5.03(b) Changes within the LIFO method. Any change within the LIFO inventory method must be made using a cut-off method. However, Announcement 91-173, 1991-47 I.R.B. 29 (regarding LIFO taxpayers changing their method of accounting for certain bulk bargain purchases of inventory to comply with Hamilton Industries, Inc. v. Commissioner , 97 T.C. 120 (1991)) is an example of other published guidance that requires a section 481(a) adjustment.

7.03 Shortened or accelerated adjustment periods. The four-year section 481(a) adjustment period provided in sections 5.02(3) and 6.04 of this revenue procedure will be shortened or accelerated in the following situations:
(1) De minimis rule. A taxpayer may elect to use a one-year adjustment period in lieu of the section 481(a) adjustment period otherwise provided by this revenue procedure if the entire section 481(a) adjustment is less than $25,000 (either positive or negative). The taxpayer must complete the appropriate line on the Form 3115 to elect this de minimis rule.
(2)Cooperatives
(3) Ceasing to engage in the trade or business.

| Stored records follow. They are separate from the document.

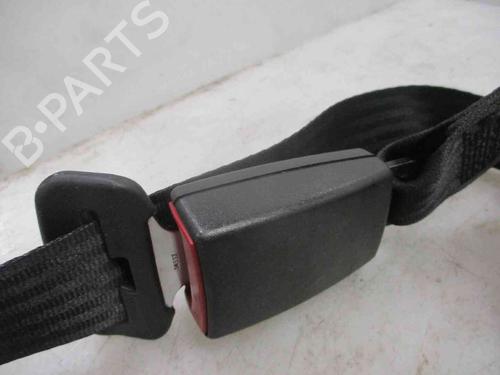 Rear right belt tensioner ALFA ROMEO 159 (939_) 1.8 MPI (939AXL1A) | BP19737922C90 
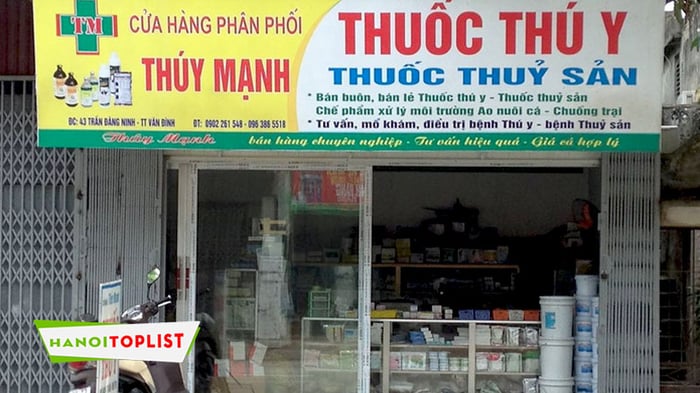 cua-hang-thuoc-thu-y-thuy-san-thuy-manh-Mytour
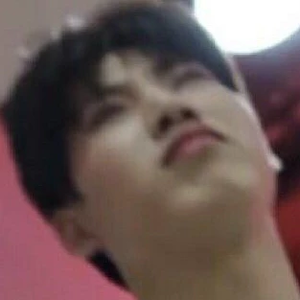 HyunsukTeume profile image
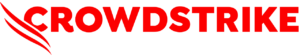 rowdStrike Agentic SOC logo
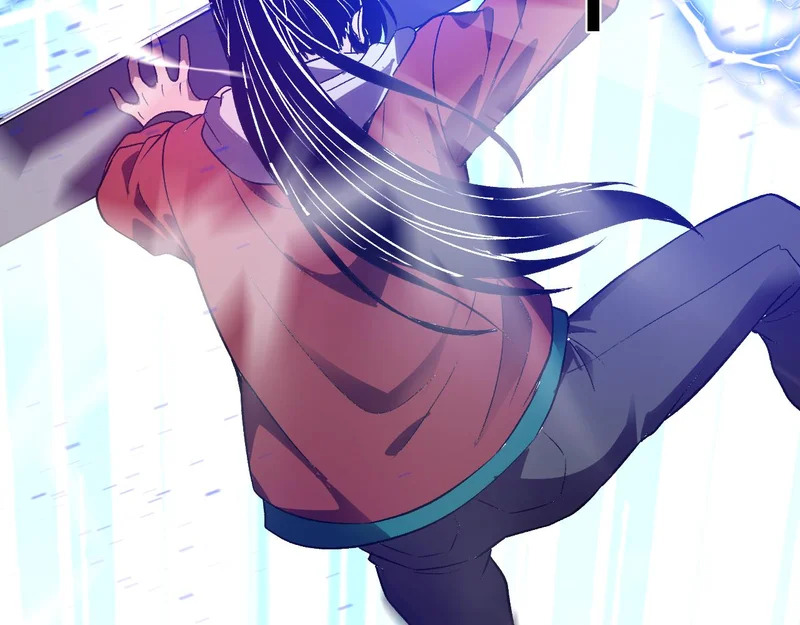 第351页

SECTION 13. EFFECTIVE DATE
.01 In general. Except as provided in section 13.02(1) of this revenue procedure, this revenue procedure is effective for Forms 3115 filed on or after May 15, 1997.
 


P.L. 105-34, §1001(d)(4), provides:

(4) ELECTION OF MARK TO MARKET BY SECURITIES TRADERS AND TRADERS AND DEALERS IN COMMODITIES. --

(A) IN GENERAL. --The amendments made by subsection (b) shall apply to taxable years ending after the date of the enactment of this Act.

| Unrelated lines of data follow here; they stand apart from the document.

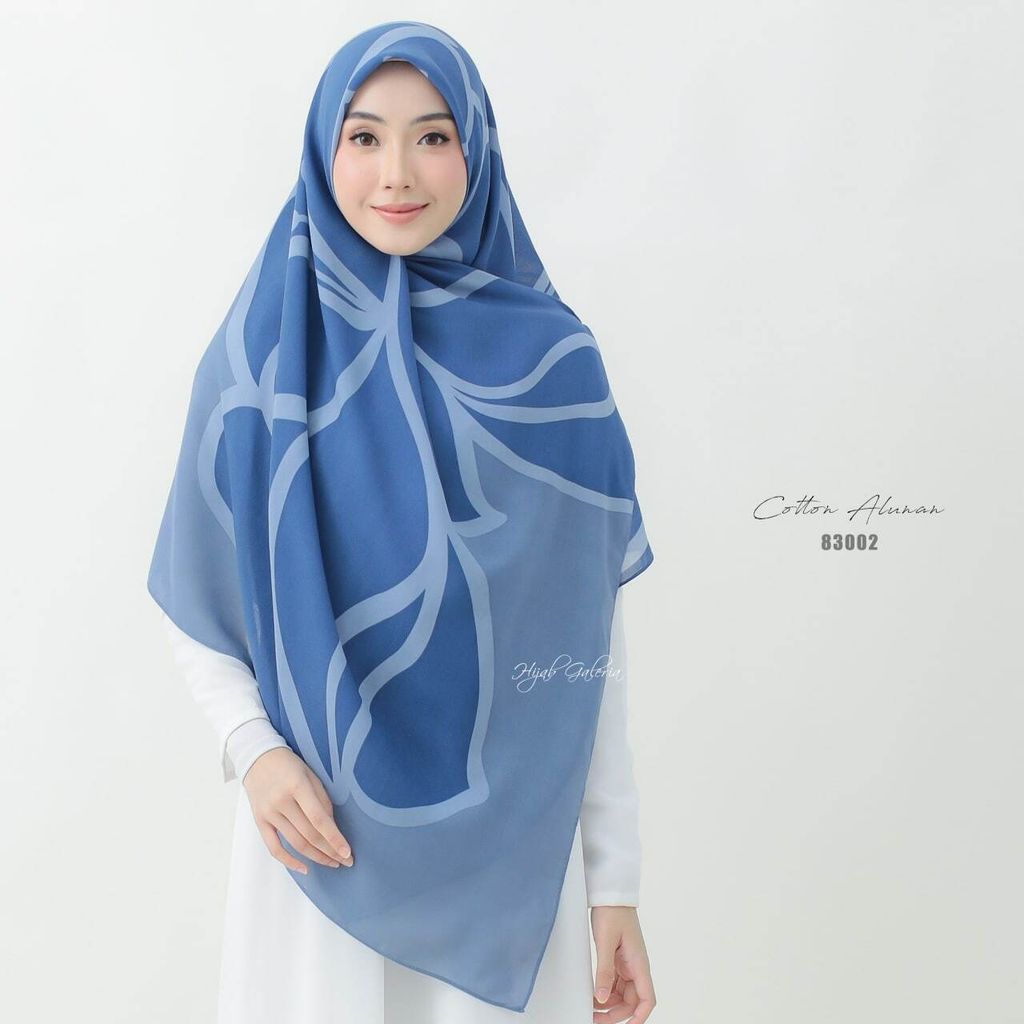 photo_2022-08-29_10-53-00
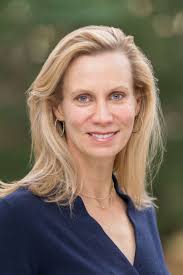 Darien YWCA names 2021 Women of Distinction Award honorees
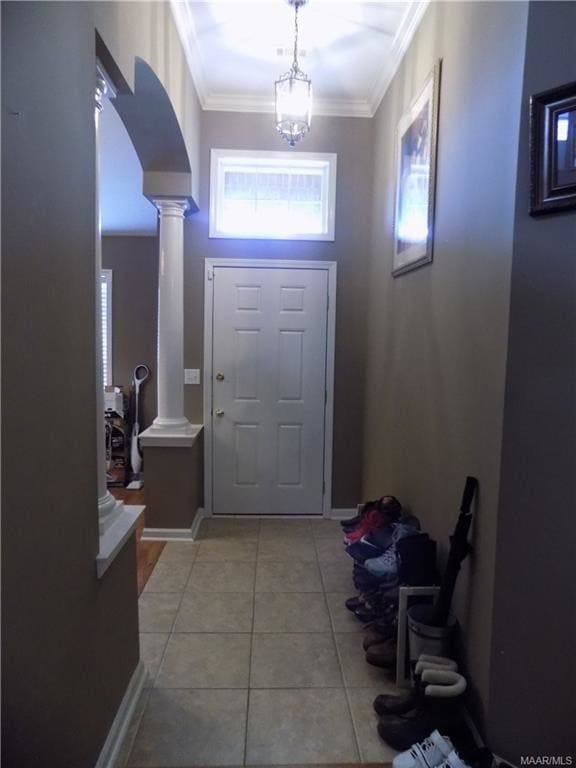 Photo - 114 Turnberry Ct
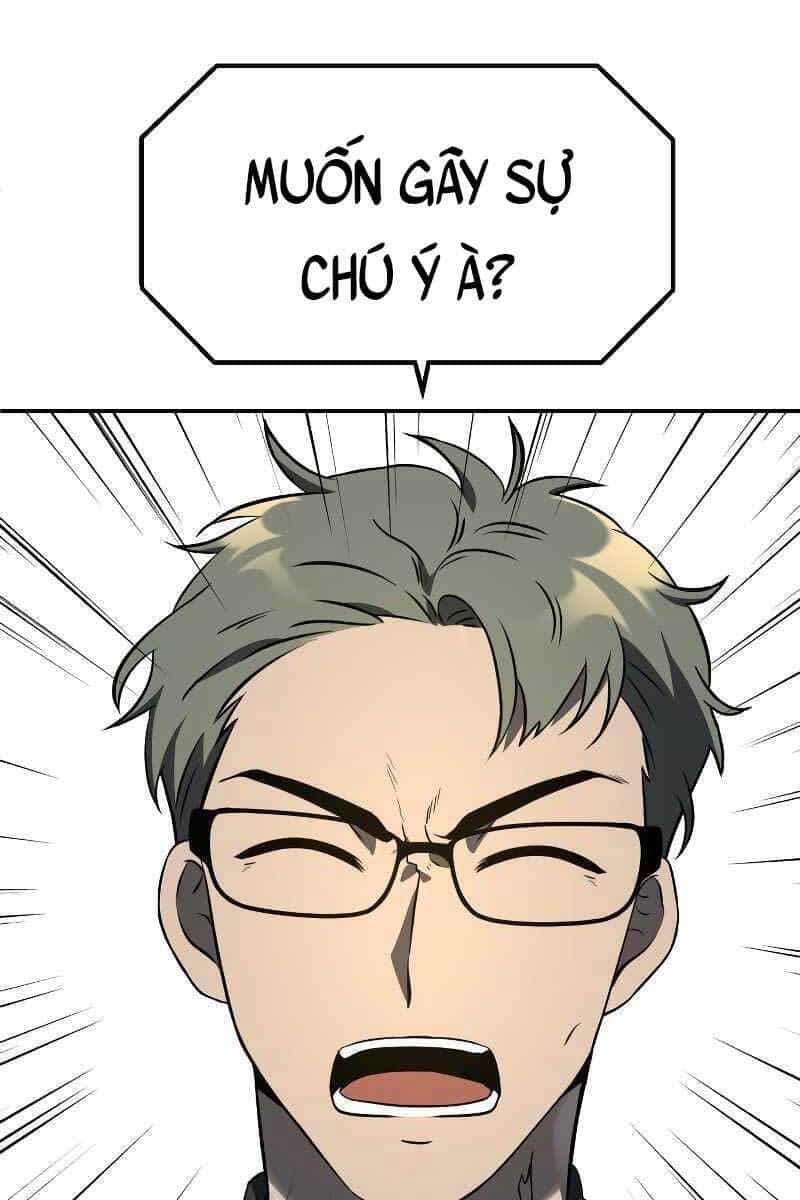 Ta Từng Là Tháp Vương - Chương 5 - ảnh 46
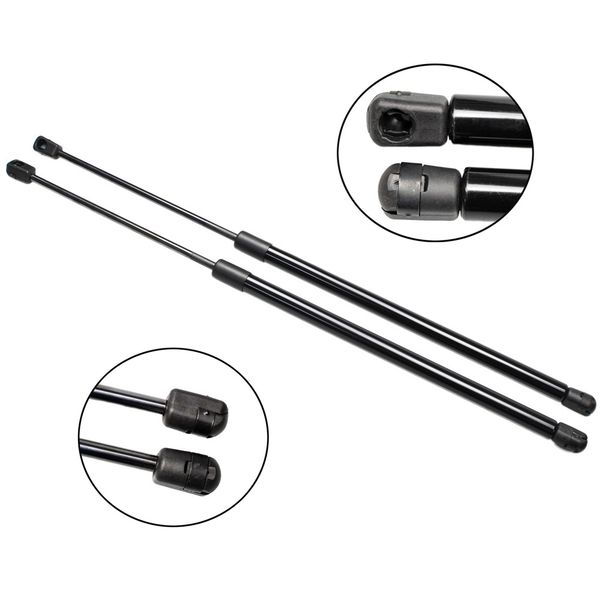 for ford b-max (jk) mpv 2012/10 -up 554mm 2pcs auto rear tailgate boot gas spring struts prop lift support damper
for ford b-max (jk) mpv 2012/10 -up 554mm 2pcs auto rear tailgate boot gas spring struts prop lift support damper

(B) 4-YEAR SPREAD OF ADJUSTMENTS. --In the case of a taxpayer who elects under subsection (e) or (f) of section 475 of the Internal Revenue Code of 1986 (as added by this section) to change its method of accounting for the taxable year which includes the date of the enactment of this Act --

(i) any identification required under such subsection with respect to securities and commodities held on the date of the enactment of this Act shall be treated as timely made if made on or before the 30th day after such date of enactment, and

(ii) the net amount of the adjustments required to be taken into account by the taxpayer under section 481 of such Code shall be taken into account ratably over the 4-taxable year period beginning with such first taxable year.


As then modified in 2002:


Rev. Proc. 2002-19, 2002-13 I.R.B. 696 (4/1/2002)

SECTION 2. CHANGES

.01 Changes to BACKGROUND Sections. Section 2.01(3) in each of Rev. Proc. 97-27 and Rev. Proc. 2002-9 is deleted.

.02 Changes to section 481(a) Spread Period for Negative section 481(a) Adjustments.

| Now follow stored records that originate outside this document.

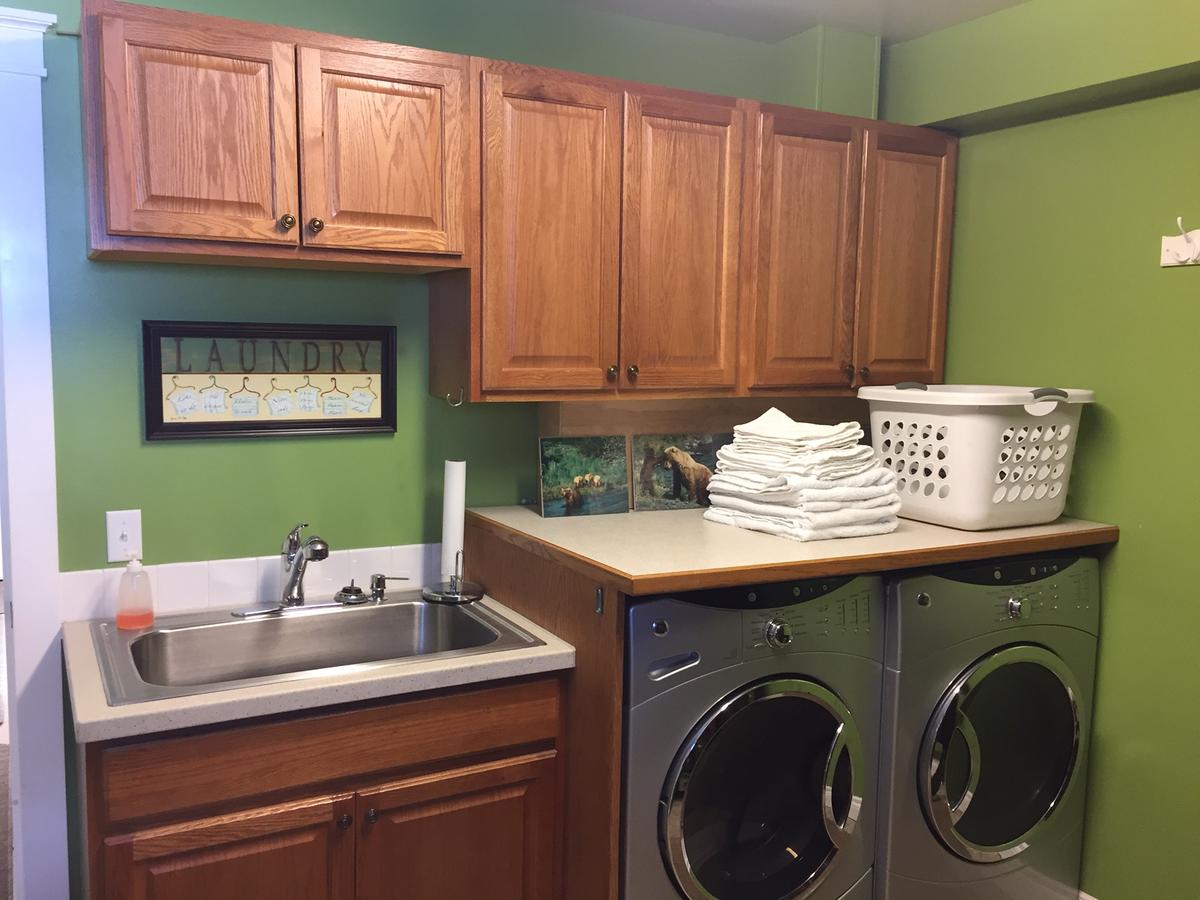 Triple Tree Suites - thumb 17
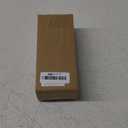 Power Charger Shelf-CFMASTER 11 Port Surge Protector Wall Outlet, 8 Electrical Outlet Extenders and 3 USB Ports 3.4A, with Removable Built-in Shelf and LED Indicator, FCC Listed, White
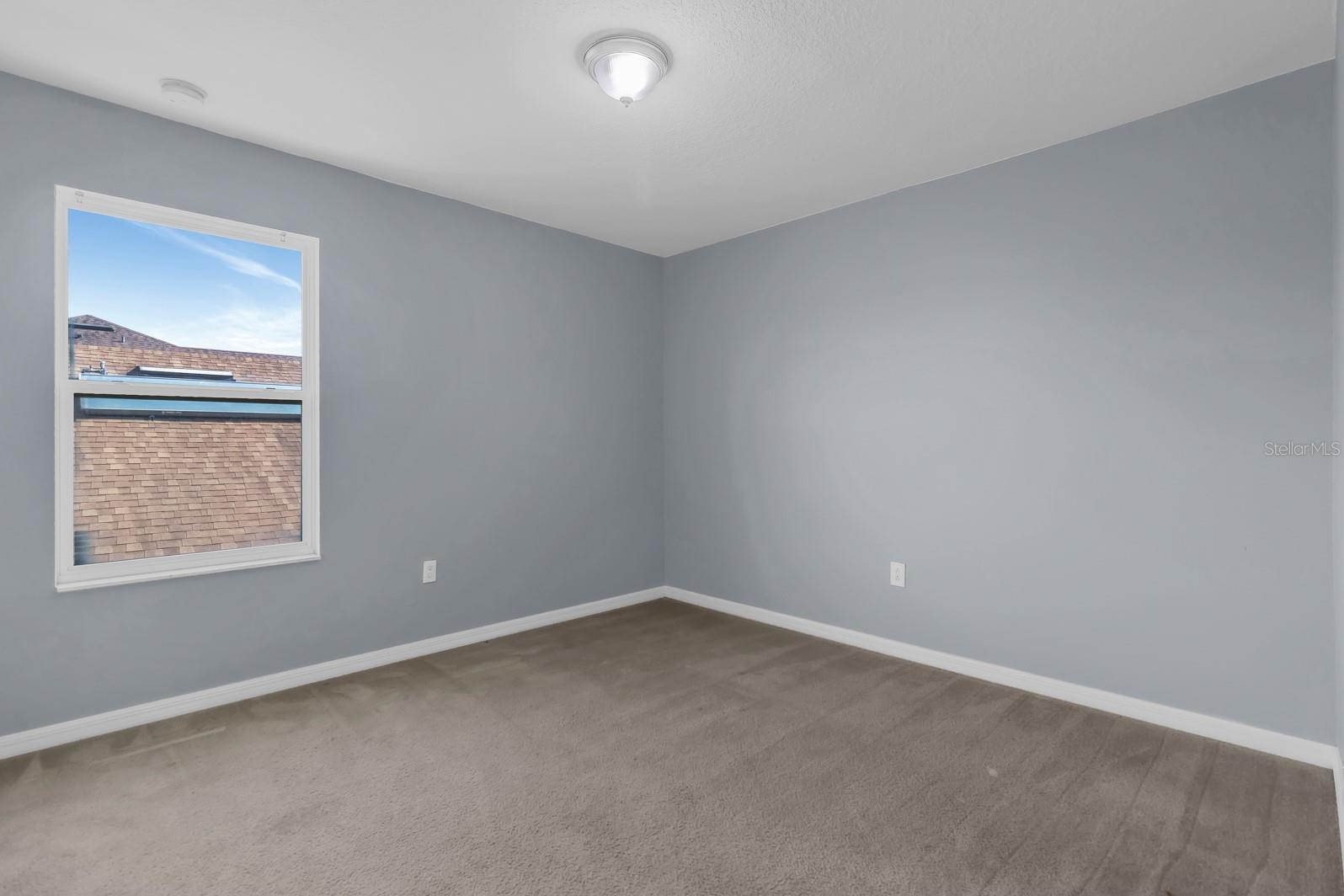 Image 16 of 45 For 2493 Addison Creek Drive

(1) Section 5.02(3)(a) of Rev. Proc. 97-27 is modified to read as follows:

"(a) In general. Except as otherwise provided in sections 5.02(3)(b) and 7.03 of this revenue procedure, the section 481(a) adjustment period is four taxable years for a net positive adjustment for an accounting method change, and one taxable year for a net negative adjustment for an accounting method change."

SECTION 4. EFFECTIVE DATE
4.01 In General. Except as otherwise provided in section 4.02 and 4.03 of this revenue procedure, this revenue procedure is effective for taxable years ending on or after December 31, 2001.

4.02 Changes to Scope Restrictions of Rev. Proc. 97-27. Notwithstanding section 4.01 of this revenue procedure, the changes to the scope restrictions of Rev. Proc. 97-27 provided in section 2.03(1)(a) and (b), 2.03(2)(a) and (b), and 2.03(3)(a) and (b) of this revenue procedure are effective for taxable years ending on or after March 14, 2002.

4.03 Notional Principal Contracts. Notwithstanding section 4.01 of this revenue procedure, the deletion of section 14.02 of Rev. Proc. 97-27 is effective for Forms 3115 pending with the national office on March 14, 2002.